Donald Trump redevient, ce 20 janvier 2025, le président des États-Unis. Auréolé d’un « mandat clair », le Républicain compte mettre sa victoire à profit en s’attaquant à ses sujets de prédilection. Il retrouve le Bureau ovale alors que l’on assiste à l’un des plus grands rallyes sur le dollar de l’histoire. Le taux de change effectif réel du billet vert atteint aujourd’hui un niveau comparable à celui qui a débouché sur l’accord du Plaza de 1985, avec une probabilité élevée que son appréciation se poursuive. Ce mouvement est de nature à contrarier le nouveau président prompt à pourfendre les devises faibles qui pénaliseraient l’industrie américaine. Dans le même temps, le statut de monnaie de réserve du dollar est indispensable à la puissance de l’économie américaine, d’où une contradiction entre protection de cette position et recherche d’une dépréciation. Si l’économie américaine finissait par se montrer moins performante, une telle dépréciation pourrait se concrétiser. Envisager un accord concerté en ce sens, du type de celui du Plaza, paraît irréaliste au regard de la complexité de l’alignement des intérêts.
Le Retour
Le 20 janvier 2025 marque le retour de Donald Trump à la Maison-Blanche. Élu avec une avance confortable le 5 novembre dernier, l’ancien président entame ainsi un ultime mandat de quatre ans. Dire que l’évènement fait basculer les relations économiques internationales dans une nouvelle ère relève de l’euphémisme. La conflictualisation des rapports, l’incertitude et l’imprévisibilité ressortent comme des caractéristiques centrales de ce nouveau monde. Sur le plan intérieur, la première implication économique de la victoire de Trump, sous le contrôle – certes étriqué – du Congrès, est le renforcement du risque inflationniste, ce qui tranche nettement avec l’environnement macroéconomique de sa première élection, en 2016. Pour les contreparties américaines, les deux sujets sensibles sont le potentiel durcissement des conditions financières globales, lié à un éventuel regain d’inflation et à la remontée des taux longs, et de possibles tarifs douaniers prohibitifs. En outre, parmi les points d’attention - ou plus certainement de crispation - se pose la question de la valorisation du dollar américain par rapport aux autres devises. Si celle-ci trouve peu d’écho en-dehors des États-Unis pour le moment, elle figure parmi les sujets économiques favoris de Trump et de son équipe.
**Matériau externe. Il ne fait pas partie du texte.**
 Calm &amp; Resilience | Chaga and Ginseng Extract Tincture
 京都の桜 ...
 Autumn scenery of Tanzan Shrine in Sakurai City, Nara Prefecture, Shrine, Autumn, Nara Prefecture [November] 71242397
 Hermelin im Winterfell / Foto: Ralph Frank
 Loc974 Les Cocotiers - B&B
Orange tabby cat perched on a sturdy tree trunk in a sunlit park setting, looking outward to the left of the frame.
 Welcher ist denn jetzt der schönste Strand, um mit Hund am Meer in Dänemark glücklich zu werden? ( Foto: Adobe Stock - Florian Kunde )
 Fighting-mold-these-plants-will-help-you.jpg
Dollar fort, dollar faible : les deux faces, irréconciliables, d’une même pièce
La position de Donald Trump sur le billet vert n’est pas dénuée d’ambivalences et de contradictions, entre protection de sa prédominance et souhait de le voir se déprécier pour soutenir la compétitivité des exportations américaines. L’impact haussier sur le dollar des hausses de droits de douane qu’il envisage de mettre en place est un bon exemple des contradictions internes de sa politique économique.
Le « privilège exorbitant » du dollar US est un facteur-clé de la puissance américaine. Il se maintient malgré l’affaissement de la part du billet vert dans le total des réserves de change mondiales (passée + de 70% au début du 21e siècle à moins de 60% désormais). Lors de son audition devant le Sénat, Scott Bessent, le secrétaire au Trésor choisi par le président-élu, a rappelé l’attachement de la nouvelle administration au statut de monnaie de réserve du dollar américain. Trump goûte aussi assez peu la petite musique lointaine de la « dédollarisation ». Cela s’est manifesté, en décembre 2024, par des menaces explicites à l’endroit des BRICS auxquels il souhaite bloquer l’accès au marché intérieur américain (notamment avec des tarifs douaniers de 100%) s’ils tentaient de se détourner du billet vert.
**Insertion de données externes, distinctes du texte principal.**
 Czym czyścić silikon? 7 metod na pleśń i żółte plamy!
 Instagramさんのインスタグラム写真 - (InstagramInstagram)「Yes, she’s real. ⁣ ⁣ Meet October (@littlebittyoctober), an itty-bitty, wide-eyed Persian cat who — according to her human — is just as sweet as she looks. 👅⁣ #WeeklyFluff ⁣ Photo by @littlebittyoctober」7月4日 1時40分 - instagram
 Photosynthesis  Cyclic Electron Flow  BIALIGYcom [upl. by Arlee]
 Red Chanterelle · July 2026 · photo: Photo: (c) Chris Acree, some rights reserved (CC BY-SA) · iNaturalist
Trump estime néanmoins, d’autre part, que les États-Unis ont un « problème de devise » qui porte atteinte à la compétitivité-prix de leur industrie (son vice-président, J.D. Vance, pense aussi que la force du dollar n’est pas justifiée et qu’elle a contribué à la désindustrialisation du pays). En ce sens, un affaiblissement du dollar lui paraît souhaitable, ce qui ne serait toutefois pas sans répercussion négative sur son attractivité. Plus largement, sur cet aspect, les cibles du 45e et désormais 47e président américain figurent parmi ses concurrents commerciaux mais aussi à l’intérieur des États-Unis. Par exemple, Trump a mis en garde la Chine et le Japon contre une appréciation plus ample de l’USDCNY et de l’USDJPY. D’une façon générale, voir dans ces développements le résultat de manipulations ne semble pas pertinent du fait de la structure, exception faite du cas chinois, des taux de change flottants des partenaires américains. Trump a aussi désigné des responsables du dollar fort parmi ses partenaires institutionnels domestiques. En 2019, dans un contexte de guerre commerciale avec la Chine, il a notamment qualifié Jerome Powell « d’ennemi » des États-Unis, une position qu’il pourrait réitérer en 2025 au regard de notre scénario de statu quo prolongé.
Le dollar a le sourire
Les évolutions récentes du dollar ne vont pas dans le sens de l’affaiblissement compétitif souhaité par Trump. Déjà, la période pré-électorale a été marquée par une nette appréciation du Dollar Spot Index de Bloomberg en étroite corrélation avec l’augmentation de la probabilité d’une victoire de Trump. La devise américaine est aussi soutenue par des facteurs qui dépassent les anticipations portant sur la future politique économique. Le dynamisme, conjoncturel et structurel, de la croissance américaine, relativement à une situation moins positive dans la zone euro, au Japon, voire même en Chine, contribue à soutenir le dollar en taux de change effectif réel (TCER). Le différentiel de taux d’intérêt et de politique monétaire lui est également favorable. Le billet vert bénéficie aussi de son statut de valeur refuge et de la demande accrue qui résulte des tensions géopolitiques actuelles et des incertitudes économiques importantes entourant l’application du programme économique de Trump. Cette appréciation du dollar ne date pas non plus d’hier : elle s’inscrit dans un mouvement de plus long terme, engagé depuis la reprise post-GFC, et qui a porté le TCER du dollar à des niveaux inédits depuis le milieu des années 1980 et la conclusion de l’accord du Plaza (cf. graphique).